What is “Load Shedding”?

Boy reading in near-total darkness by candlelight

Reading by candlelight during Load Shedding hours
(Photo credit: Awaken Nepal)

Just like in BC, most of Nepal’s electricity comes from hydro-electric dams located within its borders. Unlike BC, Nepal does not generate anywhere near enough power to supply all of the country’s demand. The resulting power management through rolling black-outs is called “Load Shedding”.

What this means in real life is that now, in Kathmandu, there are 12 hours a day with no power. As the dry season continues, hours with electricity will be decreased as the dams are drained until the monsoon resumes in June and rivers again become torrents.

How does this relate to Jackets for Jasper?

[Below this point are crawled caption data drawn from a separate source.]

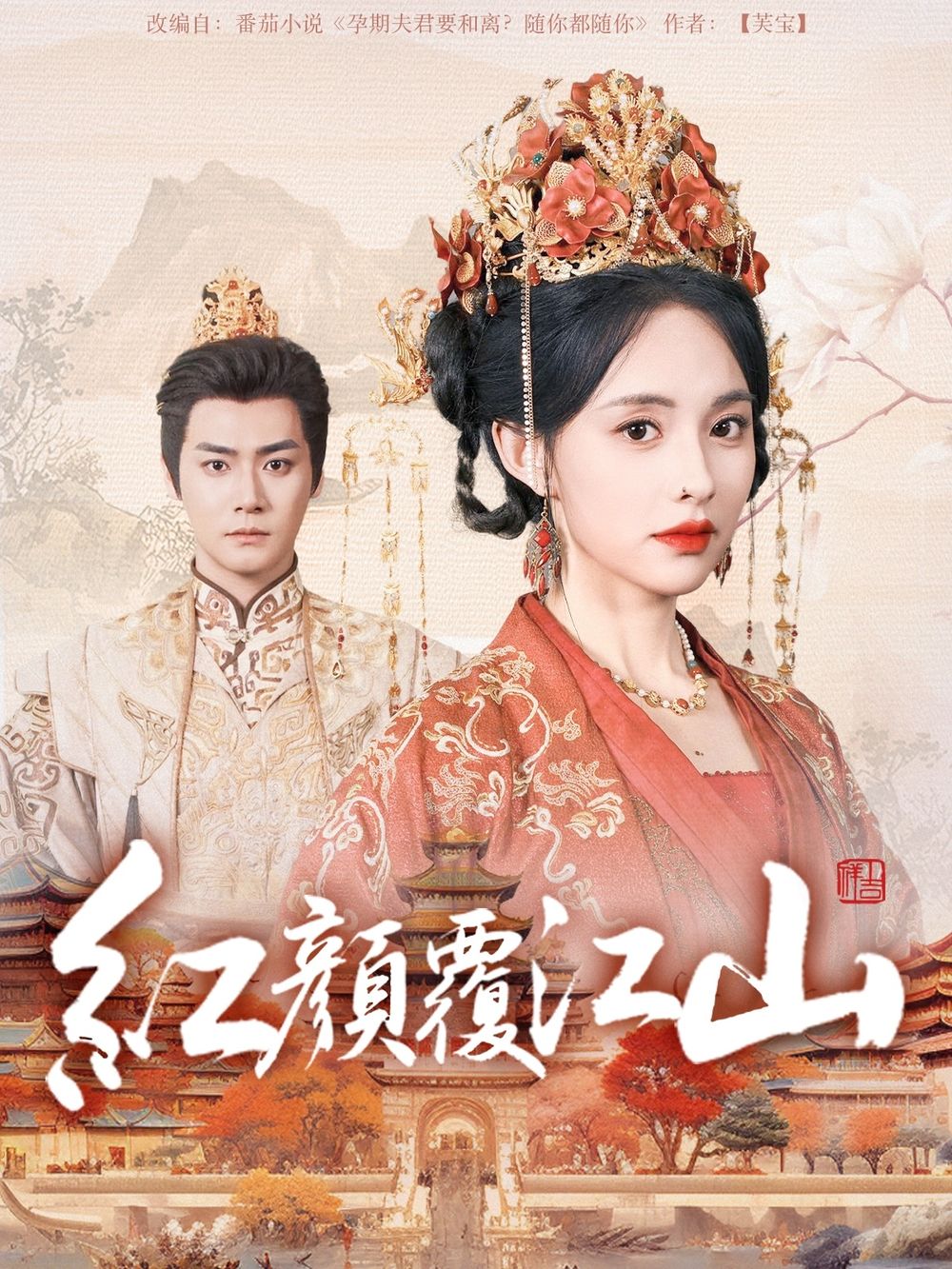 91泡芙《红颜覆江山》免费在线观看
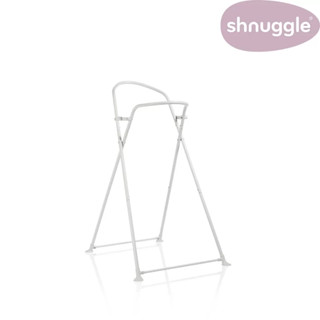 免運 快樂寶貝 英國Shnuggle 澡盆專用架U2 月亮澡盆專用支架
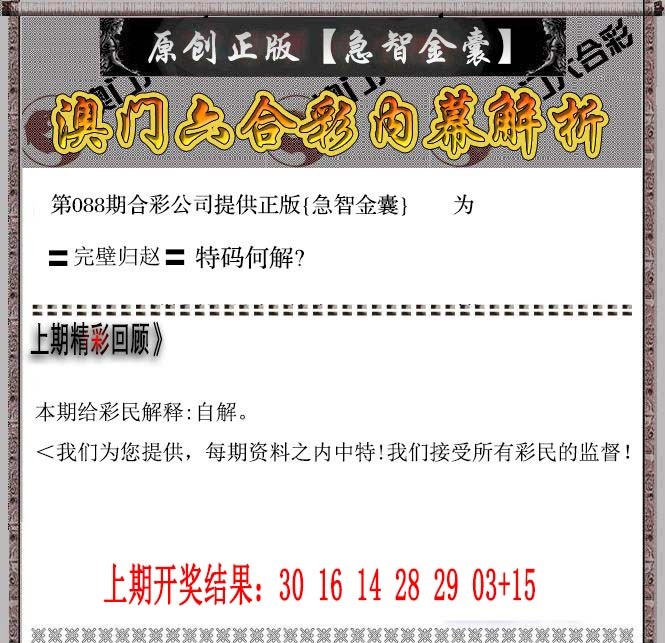 2025088期急智金囊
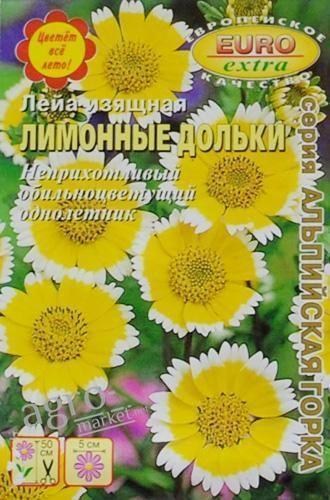 Лейа витончена "Лимонні дольки" ТМ "Аеліта" 0.1г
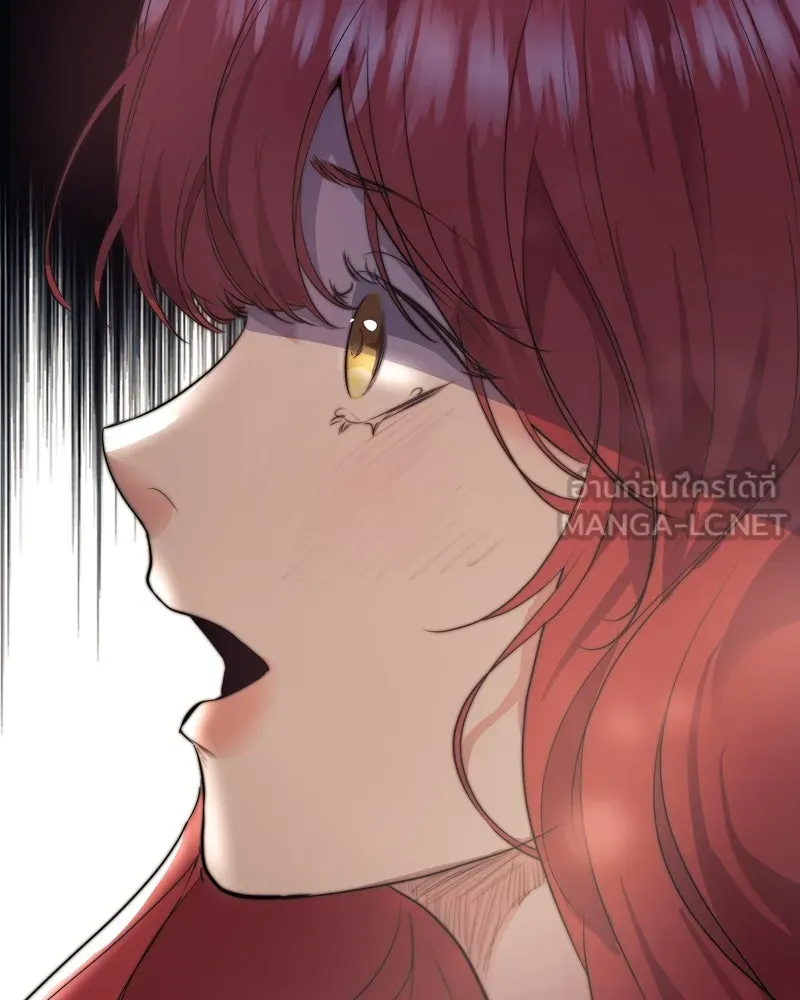 ขอบคุณที่หักหลัง ตอนที่ 1 รูปที่ 78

Well, Rajan’s factory not only needs light to see by, but the sewing machines are electric!

How does Rajan manage? He has a generator, which can extend their working hours to some degree. But they simply work when there is power and cannot work when there is none. In his own words, “Anyway… we just do. It is habit”.

A market cart of oranges and bananas lit by candlelight

Market during evening load shedding hours
(Photo credit: Indanile)

So for our Jackets for Jasper, they are literally working as hard and as much as they can when the electricity is on. Nepal has very little foreign investment so it is great that, together, we can help a small company compete in such challenging (and often dark!) circumstances.